Each year your campus offers training to students that addresses topics required by the Violence Against Women Act (VAWA): sexual assault, domestic violence, dating violence and stalking.
The thing is, students aren't the only ones that sexual violence affects. Faculty and staff are also at risk. In fact, it's more important than ever to talk about how sexual violence affects the workplace.
And the place we are going to start today is with domestic violence.
What is the Definition of Domestic Violence?
To start, you need to know the definition of domestic violence. It's actually very broad and applies to many different situations. Plus, each state has its own definition of domestic violence.
However, generally, domestic violence (which sometimes includes dating violence and is also referred to as intimate partner violence) is a pattern of abusive behavior used by a current or former partner/spouse/household member to maintain control over the other.
It can be physical, psychological or sexual, and it can also include threats of physical or sexual violence. Additionally, it can occur between partners of any gender and does not require sexual intimacy.
How Prevalent is Domestic Violence at Work?
Unfortunately, domestic violence at work is not a rare occurrence. As you can see from these statistics, it affects the lives of many people:
- Nearly 33 percent of women killed in U.S. workplaces between 2003-2008 were killed by a current or former intimate partner.
- From 1997-2009, 358 people in the United States were killed by an intimate partner or family member while on the job.
- 21 percent of workers have been the victims of intimate partner violence
- 25 percent of larger corporations have employees who have reported at least one incident of domestic violence within the last year.
What are the Costs?
Additionally, domestic violence in the workplace has a very negative affect on productivity:
- difficulty concentrating on work tasks and performing job duties
- showing up late to work
- receiving harassing phone calls and/or texts
- fear of losing their jobs due to domestic violence
- scared that other people will find out
Productivity isn't the only cost. There are also significant monetary costs associated with domestic violence:
- The annual cost of lost productivity due to domestic violence is estimated as $727.8 million, with over 7.9 million paid workdays lost each year.
- In one case, a wrongful death action against an employer who failed to respond to an employee's risk of domestic violence on the job cost the employer $850,000.
- The costs of intimate partner violence exceed $5.8 billion each year, $4.1 billion of which is for direct medical and mental health care services, much of which is paid for by the employer.
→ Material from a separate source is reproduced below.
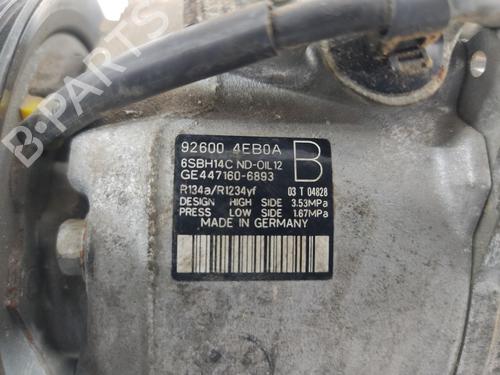 AC compressor RENAULT GRAND SCÉNIC II (JM0/1_) 1.9 dCi (JM14) | BP25346037M34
- Employers are aware of this economic burden: 44 percent of executives surveyed say that domestic violence increases their health care costs.
What Can You Do?
It's important that your campus (as an employer) recognizes that you must respond to and address domestic violence at work. And since you are already doing a lot to combat the effects of domestic violence when it comes to students, it shouldn't be hard to apply many of those same tactics to your faculty and staff.
- Offer online training that educates faculty and staff on how to recognize domestic violence and practice safe bystander intervention if needed.
- Make sure faculty and staff have access to employees assistance programs or community resources that help domestic violence victims.
- Restrict the abuser's access to your campus and hand out their information to campus security so that they can keep an eye out for them.
- Keep the victim safe by extending additional services to them such as an escort to their vehicle, flexible work hours and/or a new work phone number.
Domestic violence is a serious issue that follows victims outside of the home and into the workplace. So make sure your campus offers support to faculty and staff who need it.